#### Required work:
Output the data verbatim, minus the images.

═══ Given data ═══

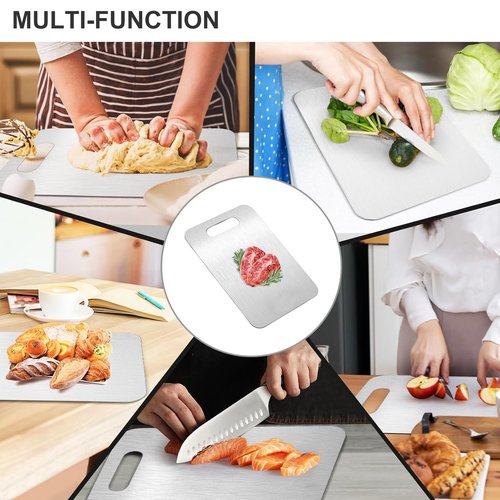 Titanium Cutting Boards for Kitchen, Food Grade 304 Stainless Steel Cutting Board Set for Meat, Fruit & Vegetable (13.4 * 9 Inch)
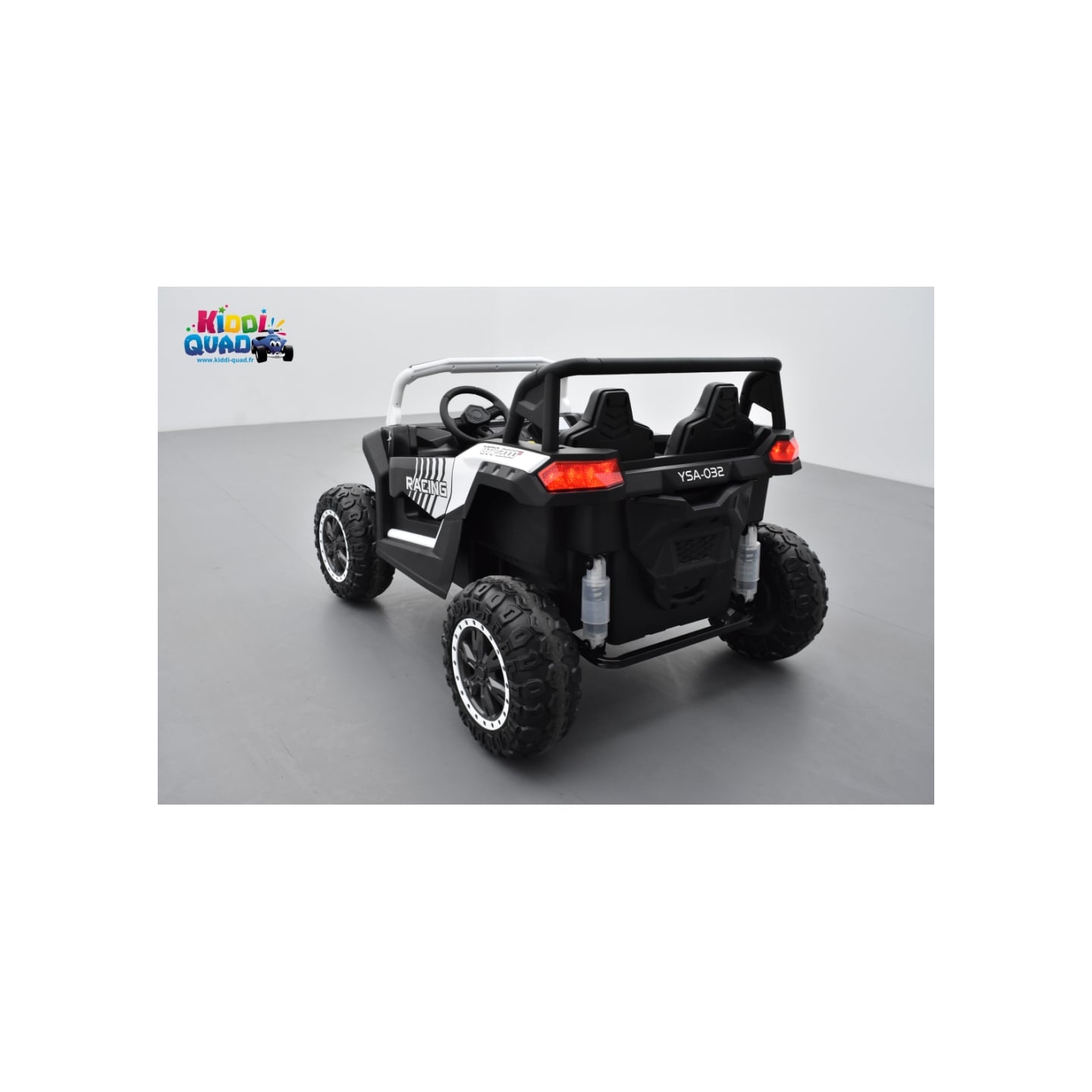 Buggy Big Horn 24 Volts 7Ah blanc, 4 moteurs de 60 watts, buggy deux places, buggy électrique enfant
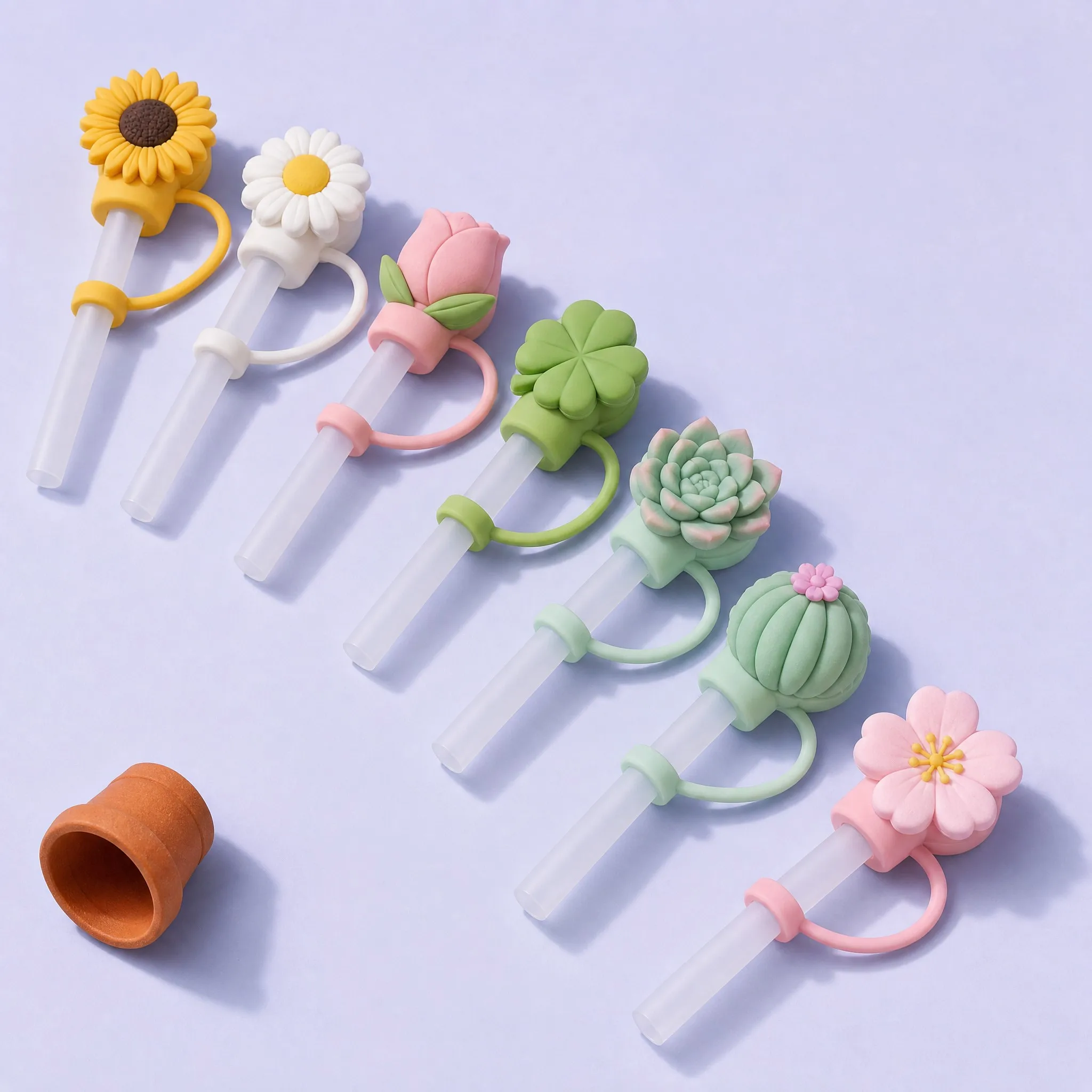Floral and Botanical Silicone Straw Toppers 7 Styles Lineup for Stanley 10mm Straws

═══

#### Answer to the problem:
 Titanium Cutting Boards for Kitchen, Food Grade 304 Stainless Steel Cutting Board Set for Meat, Fruit & Vegetable (13.4 * 9 Inch)
 Buggy Big Horn 24 Volts 7Ah blanc, 4 moteurs de 60 watts, buggy deux places, buggy électrique enfant
Floral and Botanical Silicone Straw Toppers 7 Styles Lineup for Stanley 10mm Straws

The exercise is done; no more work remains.